First announced last spring of the southern hemisphere, highly pathogenic avian influenza HPAI is now affecting five of the 14 species tested in South Georgia. A few suspected cases near the Antarctic Peninsula suggest that the disease is still spreading.
Following the confirmed cases of avian influenza in the Falkland Islands, suspected cases of highly pathogenic avian influenza (HPAI), with apparent symptoms in animals in South Georgia have now been confirmed. According to the latest press release from the British Antarctic Survey on January 11, five of the 14 species tested were carriers of HPAI H5N1. Elephant seals and fur seals are particularly affected. Among birds, antarctic skuas, kelp gulls and antarctic terns are affected. There are suspicions that giant petrels and snowy sheathbills have been too. However, there are still uncertainities for albatrosses and penguins.
These results come from the first samples taken following the first signs of the epidemic in the austral spring. At the time, the Government of South Georgia and the South Sandwich Islands and the UK Animal and Plant Health Agency sent a scientist to the area, inspecting colonies with the help of a Navy mission and a coastal patrol.
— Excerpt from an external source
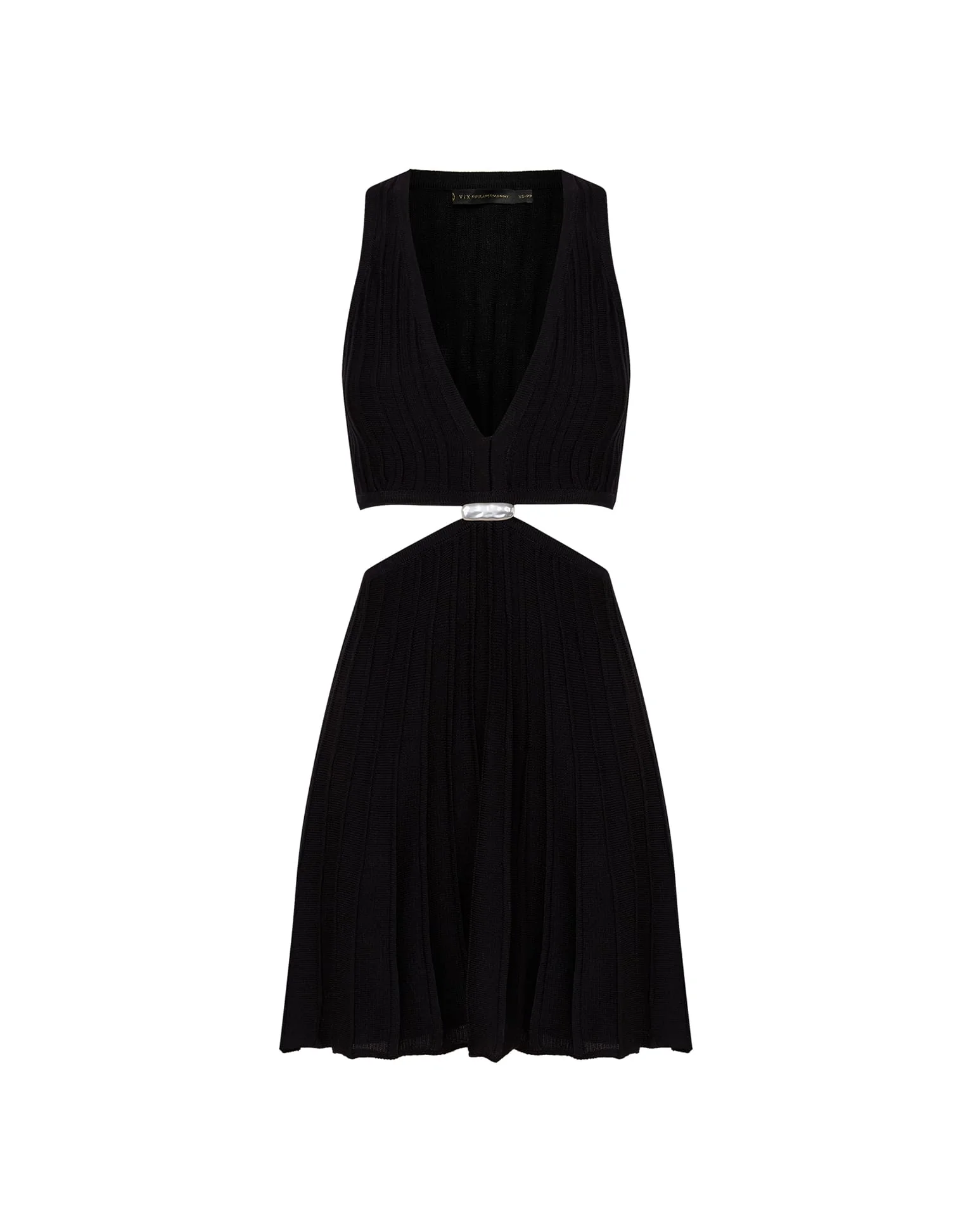 Knit Helen Short Dress - Black - Image 5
Today, the spread of the virus can be observed only to a limited extent. Scavenging birds are very active and traces disappear rapidly. Some sites have been closed to scientists and tourists. “It’s difficult now to access all the different places and fjords on the island. Since some have been closed to visitors, we no longer have regular information about them,” explains Mark Belchier, Director of Fisheries and Environment for the Government of South Georgia and the South Sandwich Islands GSGSSI.
Still, two sites are regularly monitored. Bird Island, in the north-east of the archipelago, where a base is established since 1963, and King Edward Point next to the administrative centre at Grytviken.
“Although some sites appear to have been particularly affected, the level of mortality of species monitored such as fur seals, brown skuas and giant petrels has not exceeded the level of a bad year,” he adds. “It would appear that the virus is particularly threatening for fragile species such as wandering albatrosses, grey-headed albatrosses and black-browed albatrosses.”
A mission is currently underway to confirm (or deny) that the virus does not affect albatrosses. Jennifer Black, head of the Department for the Environment at the GSGSSI, is currently crossing the Atlantic to the archipelago. “This will give us the opportunity to access the most remote areas to potentially detect the virus in other species and better understand the general impact on animals”, adds Mark Belchier.
As previously reported by us, elephant seals are also affected. “There has always been mortality during reproduction, but this time it affects all the life stages,” explains the director. “The fur seals bredding season is in full swing now, and we saw high mortality among juveniles too.”
In Antarctica, suspicious cases have been detected in Antarctic jaegers on the South Orkney Islands, near the Orcadas station belonging to Argentina. The same applies to Heroína Island, at the tip of the Antarctic Peninsula. “To be honest, I’m surprised there haven’t been more reports from the Antarctic Peninsula,” he adds.
Le niveau d’alarme concernant la grippe aviaire en Amérique du Sud juste avant cet été austral était haut. “L’immunité contre ce virus est encore en cours de découverte”, nous explique Michelle Wille, chercheuse de l’Université de Melbourne, spécialiste du HPAI. Le principal espoir pour les animaux de l’Antarctique reste cependant l’immunité collective, afin qu’ils soient moins touchés lors d’un prochain épisode.